→ **Exercise requirements**
Print again, word for word, all of the records below, and leave the pictures out.

..............................

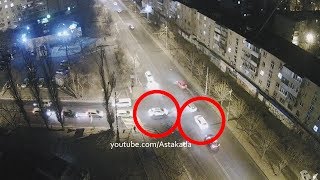 Astakada Владивосток ДТП 14 января 2019 ул. Русская
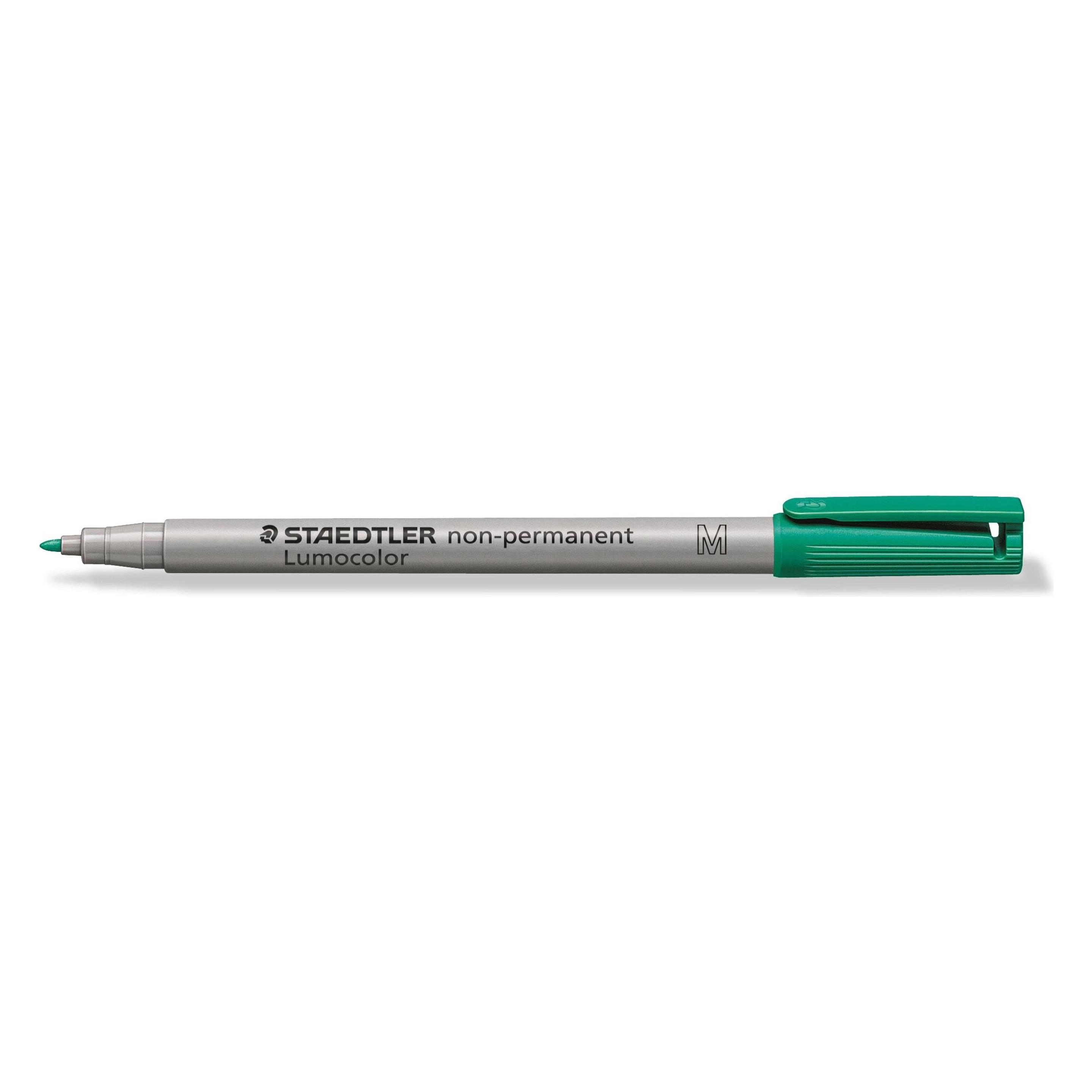 Staedtler 315, 10 Stück(e), Grün, Grün, Grau, Grau, Kunststoff, Medium (10x) (315-5)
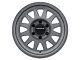 Method Race Wheels MR704 Bead Grip Titanium 5-Lug Wheel; 17x8.5; 0mm Offset (09-18 RAM 1500)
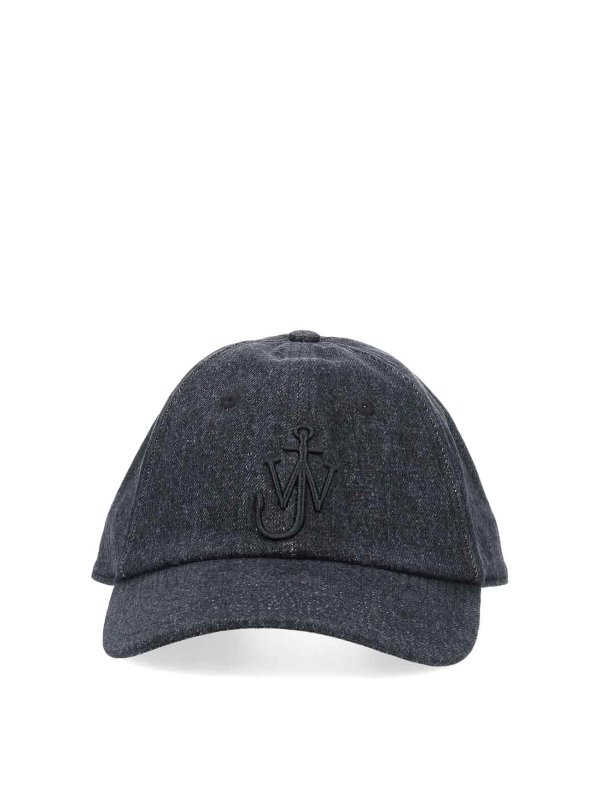 J.W. ANDERSON: hats & caps - Logo baseball cap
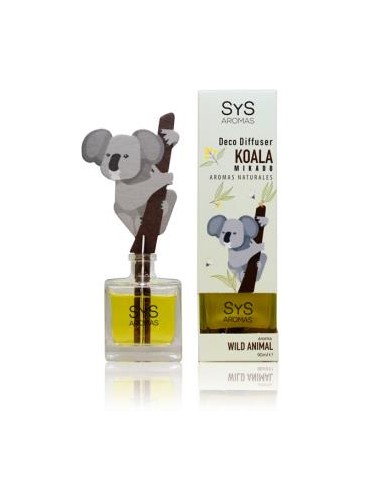 AMBIENTADOR SYS DIFUSOR koala 90ml. WILD ANIMAL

..............................

→ **The answer**
 Astakada Владивосток ДТП 14 января 2019 ул. Русская
 Staedtler 315, 10 Stück(e), Grün, Grün, Grau, Grau, Kunststoff, Medium (10x) (315-5)
 Method Race Wheels MR704 Bead Grip Titanium 5-Lug Wheel; 17x8.5; 0mm Offset (09-18 RAM 1500)
 J.W. ANDERSON: hats & caps - Logo baseball cap
 AMBIENTADOR SYS DIFUSOR koala 90ml. WILD ANIMAL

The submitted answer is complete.